## What is being asked
Instruction for the entries that follow: retype exactly the lines from the line with "Moai Face Resin Tissue Box Cover" to the line with "Bomblook D23ST160 Fall", both included, and omit all others.

## Stored data
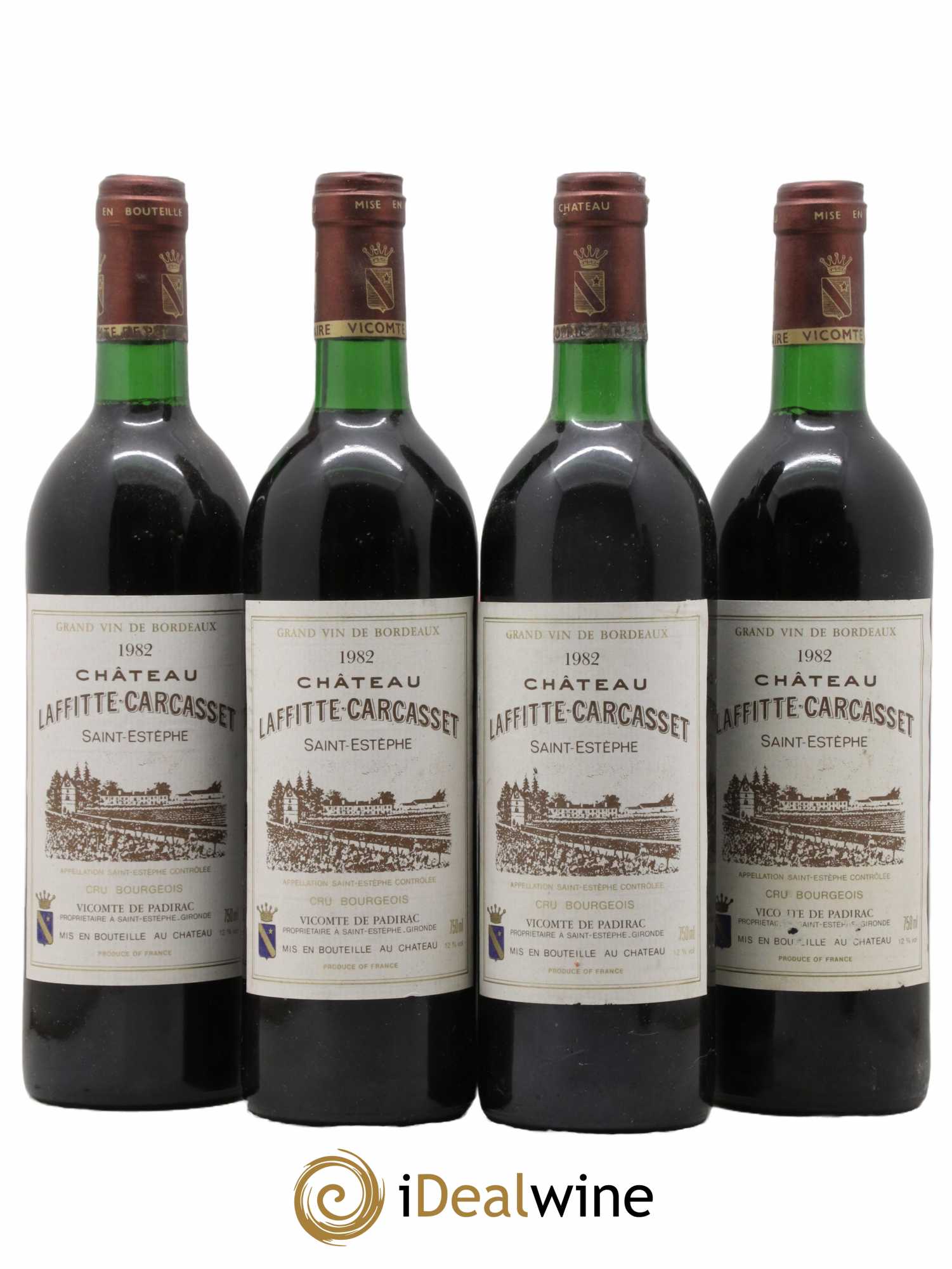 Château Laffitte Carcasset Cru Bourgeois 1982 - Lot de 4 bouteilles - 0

--

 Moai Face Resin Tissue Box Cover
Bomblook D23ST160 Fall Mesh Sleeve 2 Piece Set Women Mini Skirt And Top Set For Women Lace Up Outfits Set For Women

## Solution to the problem
 Moai Face Resin Tissue Box Cover
Bomblook D23ST160 Fall Mesh Sleeve 2 Piece Set Women Mini Skirt And Top Set For Women Lace Up Outfits Set For Women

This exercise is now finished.